A fascinating story came out of Los Angeles recently about how the US is moving from the 20th Century era of building dams on rivers to a 21st Century model of tearing them down.
This is particularly true in the Pacific Northwest where mountainous terrain and abundant rivers combined to spur the growth of multiple dams on many rivers in the last century.
Most of the dams were built to provide irrigation water to neighboring farms, but there was a price to pay for them. They killed thousands of fish that were migrating upstream but couldn’t navigate the dams’ concrete walls.
Now, under pressure from environmentalists, governments, and changing economies – most of the farms are now small hobby farms – local authorities are tearing those fish-killing dams down. They’ve found it’s cheaper to pump water from the rivers than to dam them
Lessons for BC
Obviously any resemblance to the situation in BC is purely intentional.
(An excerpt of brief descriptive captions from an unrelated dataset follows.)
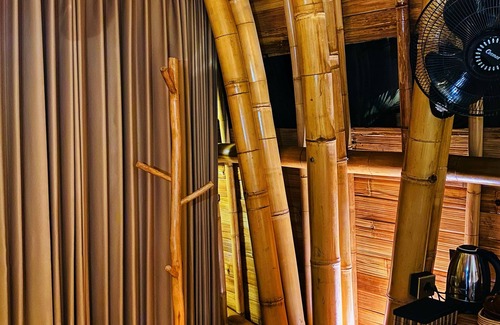 Sidemen Villa | EcoBreeze Bamboo House: Rated 10/10 with Hot Tub Access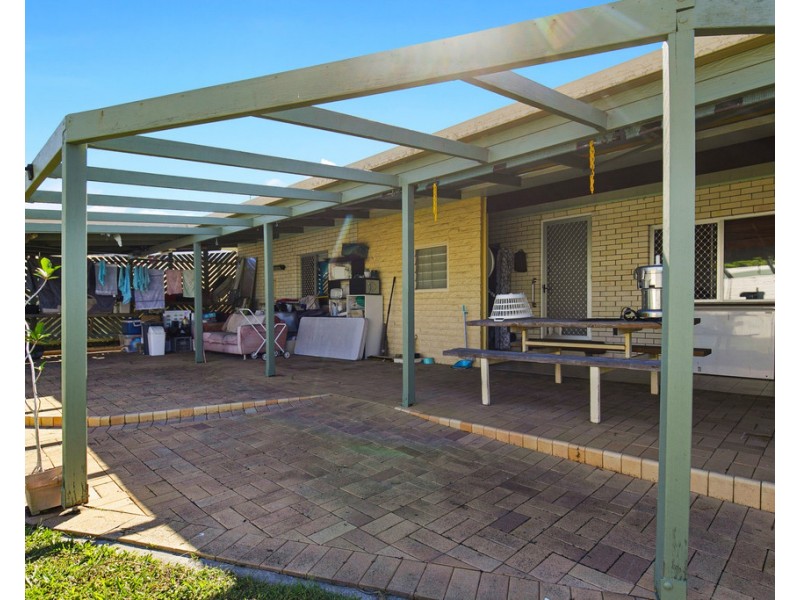 135 Long Street, Point Vernon QLD 4655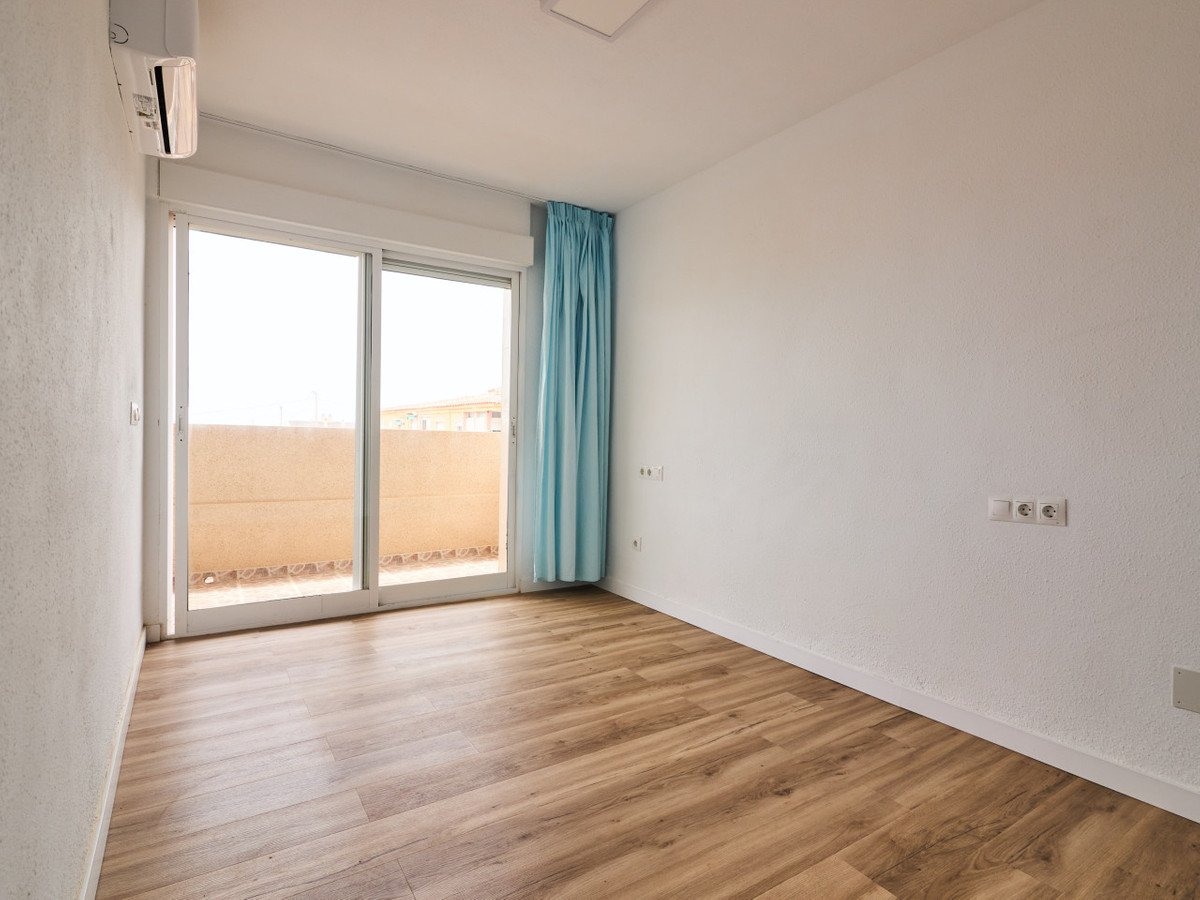 2 Bed Middle Floor Apartment in La Mata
Certainly, we use dams more for power generation than irrigation, and our era of building big fish killing dams ended decades ago.
But the principles remain the same and our responses should be similar.
I’m not saying we should tear down dams – we don’t have that many of them – but we should consider more closely the concept of multiple uses for our rivers.
This means understanding how a river can be used for ALL purposes – fisheries, small-scale power production, recreation. pure aesthetics – instead of the one-decision-rules-all methodology the endlessly warring factions here seem to subscribe to.
Too many special interest groups – protectionist and development – believe that their way is the only way, whether that be some bygone status quo, or complete transformation and change.
And so as a result, instead of collaborating they play political games to advance their causes and stymie the "opposition".
Down South they had wars as well, but the combined efforts of enough people forced them to work together.
Maybe it’s time we did the same here in BC. Let's force these groups to get together and do what's right, not only for the rivers, but for all of us who live here.